Chapter 35
The clock on the church tower struck two. Glancing back to ensure the bolsters she had stuffed in the bed resembled, at first glance, a slumbering body, Agnes closed the door behind her and crept on stockinged feet past the slumbering guard.
At supper in the nursery, Agnes had kindly insisted Hannah share in the evening repast with the children and, dispatching the maid to fetch the children’s night clothes from where they warmed in front of the fire, she slipped the sleeping draught into the jug of small ale while the girl’s back was turned.
Agnes had allowed the children a few small sips before removing it from them.
Enough, she hoped, to render them sleepy without being drugged.
She left the jug and cup with the assumption that once she was alone and the children in bed, Hannah would finish it.
Trooper Brown sprawled on his stool, snoring loudly, his legs akimbo and drool running from his open mouth.
While she had taken supper with the children, Daniel had conspired to provide the man with a full jug of drugged wine.
The empty jug lay on its side, the last of its contents shining wetly on the floor.
Her fellow conspirators waited for her in the shadows of the servant’s stairs.
She had never seen a more villainous band.
The three men wore cloths wound around the lower parts of their faces, hats pulled low down on their brows: Jonathan, the tallest, Kit identifiable by his swagger, which she had discovered disguised a limp, and Daniel by his slighter build and lithe movements.
Like her they were in stockinged feet, their boots carried in bags over their shoulders.
They followed her down the silent corridors and up the stairs that led to the nursery.
The door opened with the slightest click and Agnes slipped in first. The only light in the room came from the window, a waning moon, casting cold shadows across the floorboards.
The curtains of the children’s bed were pulled tight against the cold night.
Hannah slumbered in a pallet at the foot of the bed, and like Brown, she snored stentoriously.
As Jonathan lit the candle on the table, Agnes flicked back the curtains on the big bed and smiled down at the two children curled up together like dormice in the enormous bed, their slight forms making little impression in the vast space.
Both were sound asleep. Reaching out a finger, she stroked Henry’s soft cheek.

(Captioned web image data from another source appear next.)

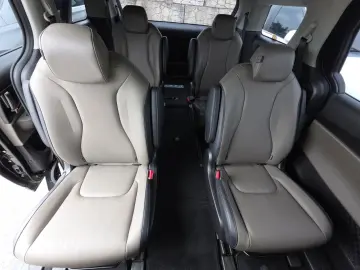KIA Carnival 9 SITZE AUT LED NAVI KAMERA LEDER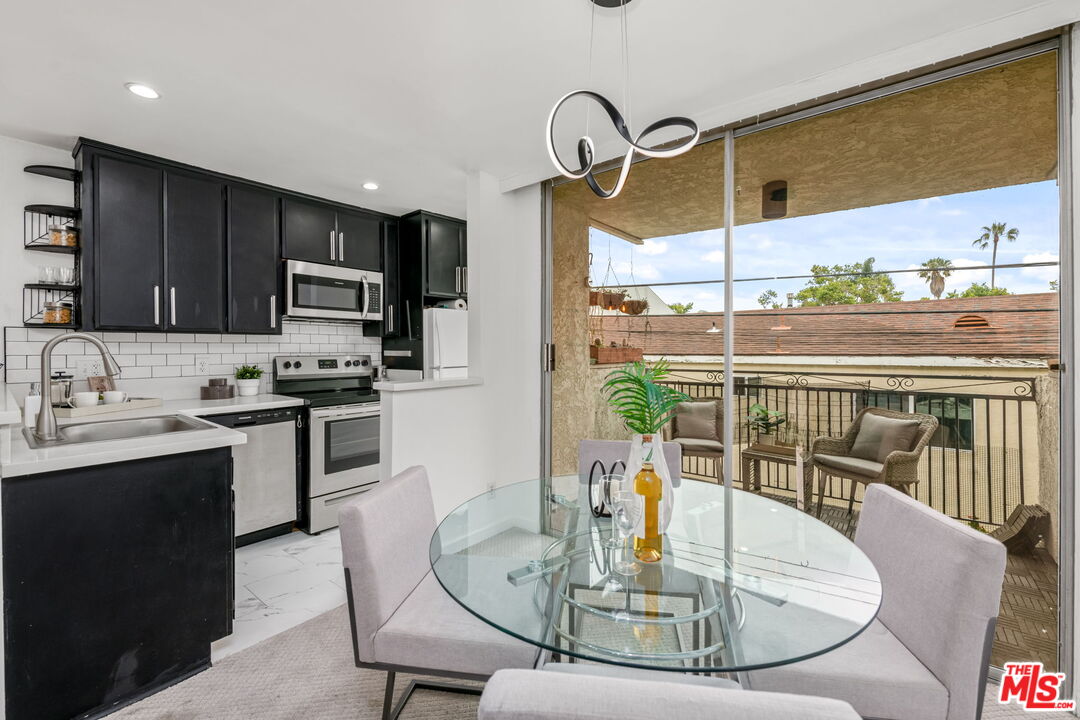 6151 Orange St Unit: 214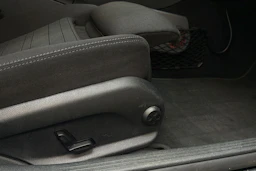 musta Mercedes-Benz C 2019 kuva 26.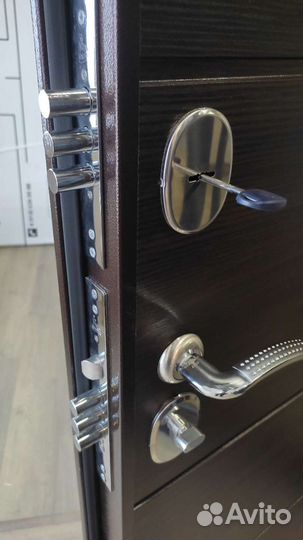 Дверь входная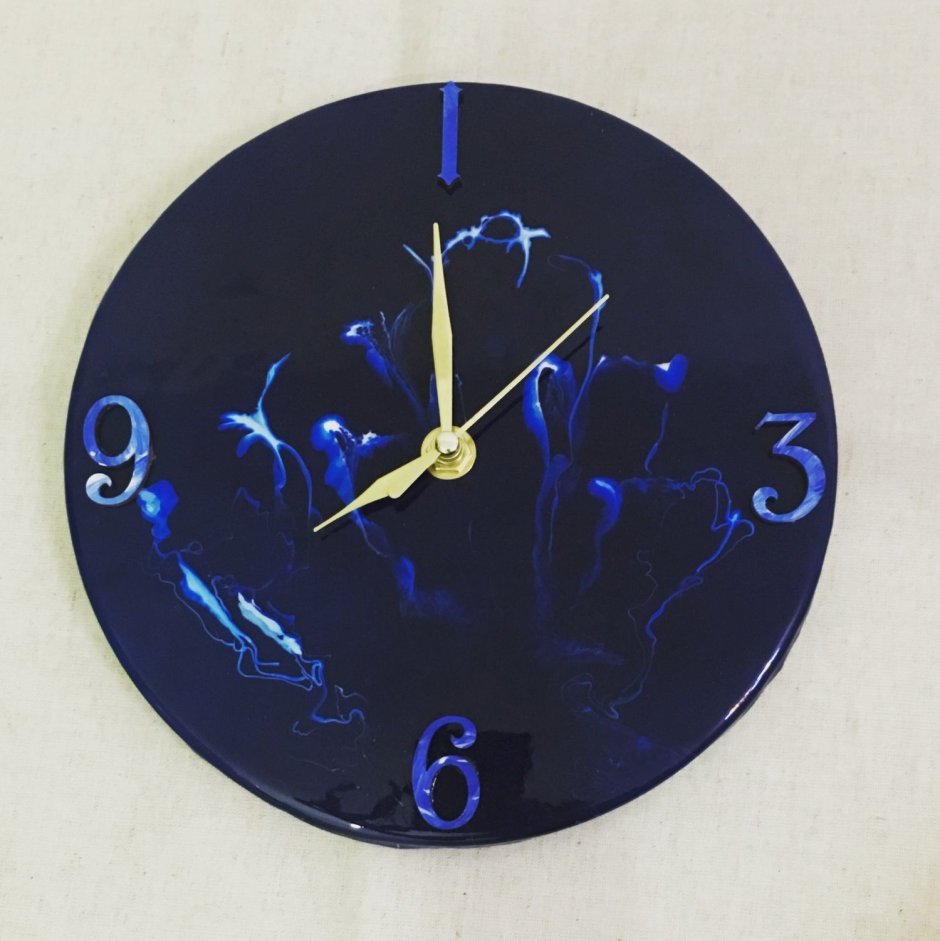 Часы из эпоксидной смолы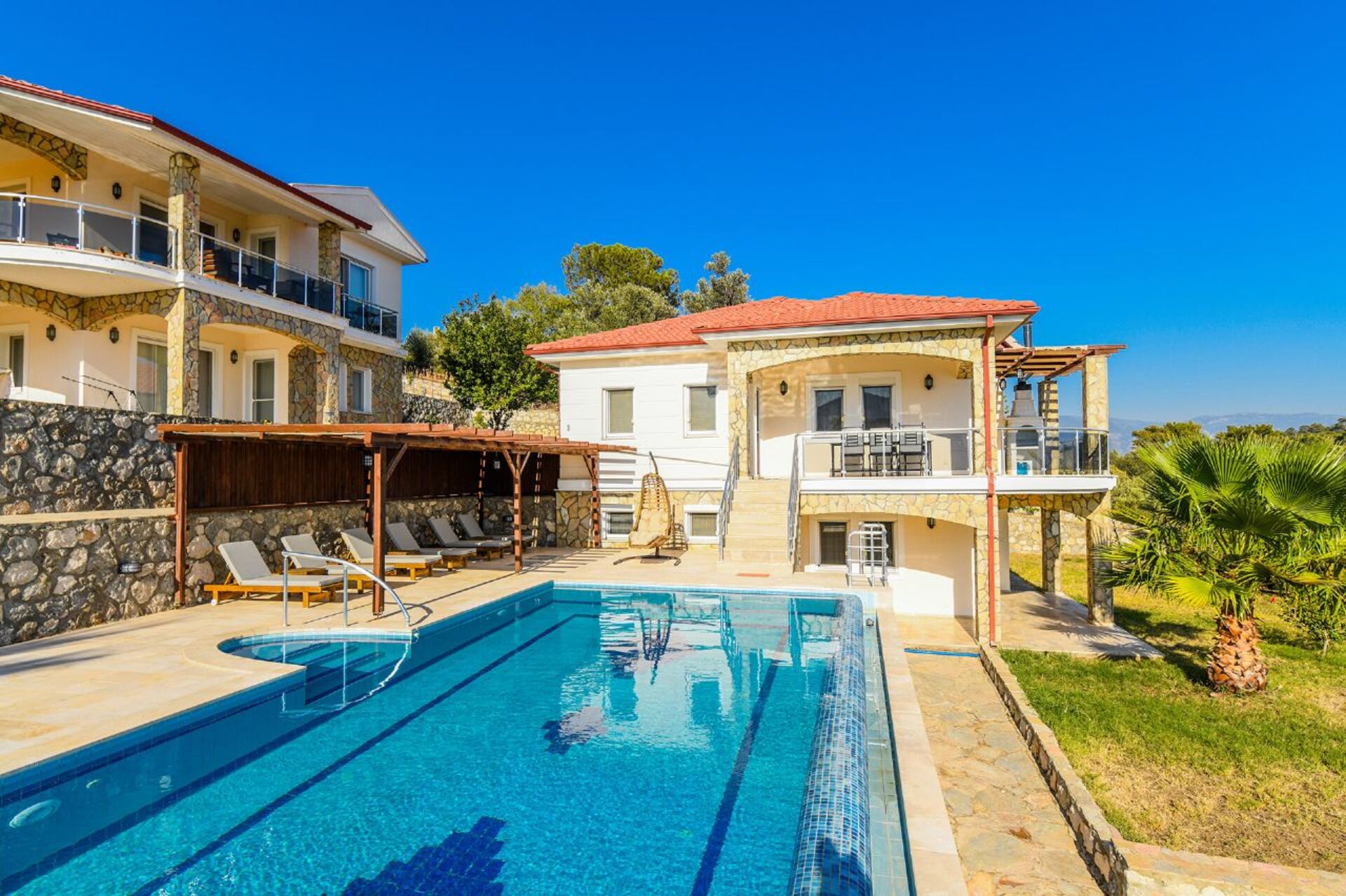 Ekskluzivna vila s 3 spalnicami in pogledom na plažo Patara, vila Fethiye 1007
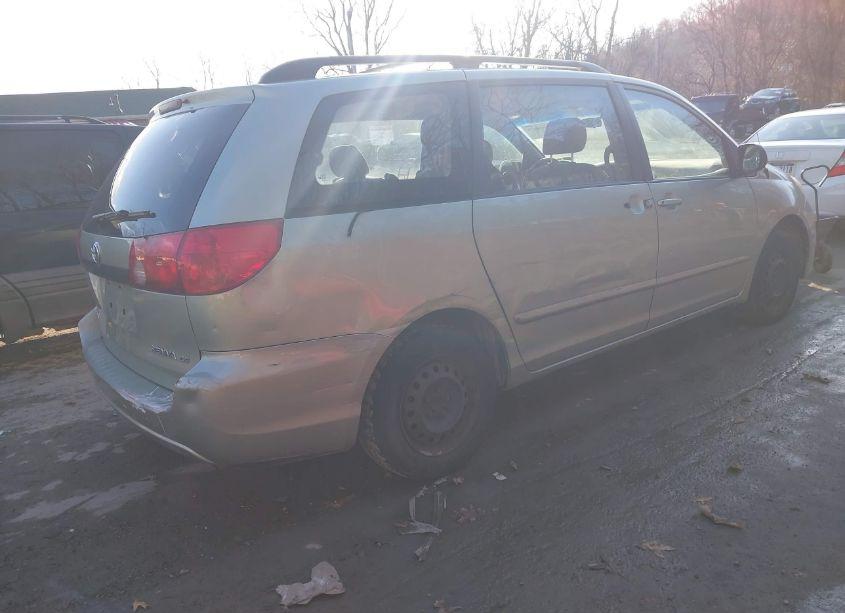 Photo 4 of 2008 Toyota Sienna CE (VIN 5TDZK23CX8S179966)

Soon, little boy, she promised.
The tapestry rattled on the rod as Daniel drew it aside and Agnes glanced at the slumbering Hannah. The girl snorted and turned onto her side. No sound came from the children and she restored the curtains.
The four conspirators stood looking at the old, worm-ridden panelling.
Jonathan held up the candle. Counting from the door, Agnes located the third panel, gratified that its location accorded with the point where Lizzie had indicated the ghost had passed through the wall.
Running her fingertips along the seams of the oak panel, she found an unnatural indentation.
She pushed on it, heard a slight click, and a section of panel eased away, revealing the stone wall.
She glanced at the men and Kit stepped forward, pushing on a corner of stonework.
A whole section of the wall swung inward with hardly a creak, leaving a gap about four feet square.
Kit stepped back and let out his breath in an audible sigh and Jonathan gave a curt nod to his companions as he advanced on the opening, crouching down to look into the space beyond.
Illuminated by the candle, as Agnes had anticipated, it was a long narrow space, no more than four feet wide, running between the walls. Given the juxtaposition of the two rooms, it was not an anomaly that would be easily detected unless you were looking for it.
Just inside the entrance, piled in a tidy heap, were the four leather satchels she had seen on the night James’s men had brought them to Charvaley.
Daniel bent toward Agnes, and placing his mouth close to her ear, he whispered, ‘Stay by the door and keep watch.’
She nodded and took up a position beside the door, leaving it open a little way to get a view of the corridor. The house slumbered in peace.
Daniel, with his slighter build, disappeared into the opening and handed out the four heavy, leather satchels.
Kit pushed the hiding place shut. Well-oiled, it slid back into place with barely a click, and he had his hand on the tapestry preparatory to pulling it back into place when a sharp cry of anguish came from the children’s bed.
They all froze in place, the three men turning to Agnes.
Henry. One of his nightmares.
As Hannah stirred on her bed, Agnes cast a frantic glance at Daniel.
‘See to the child,’ he whispered and jerked his head at the others. ‘We must away.’
Agnes pulled the tapestry across the wall and hurried across to the children’s bed. She slipped behind the curtains, and taking the whimpering child in her arms, she rocked and hushed him, her heart hammering beneath her bodice.
‘Please, be quiet,’ she whispered to the little boy.
‘Agnes!’ Although Henry was still half asleep, her name seemed to echo around the quiet room. Every nerve in Agnes’s body jangled.
‘Don’t go away again,’ the boy murmured, sleep beginning to claim him once more.
She held him closer, her heart breaking as he stilled, and once more he slept. Just a few more minutes, she told herself, before she needed to return to her room. Just a few more minutes to hold her son. She closed her eyes and laid her cheek against his soft curls.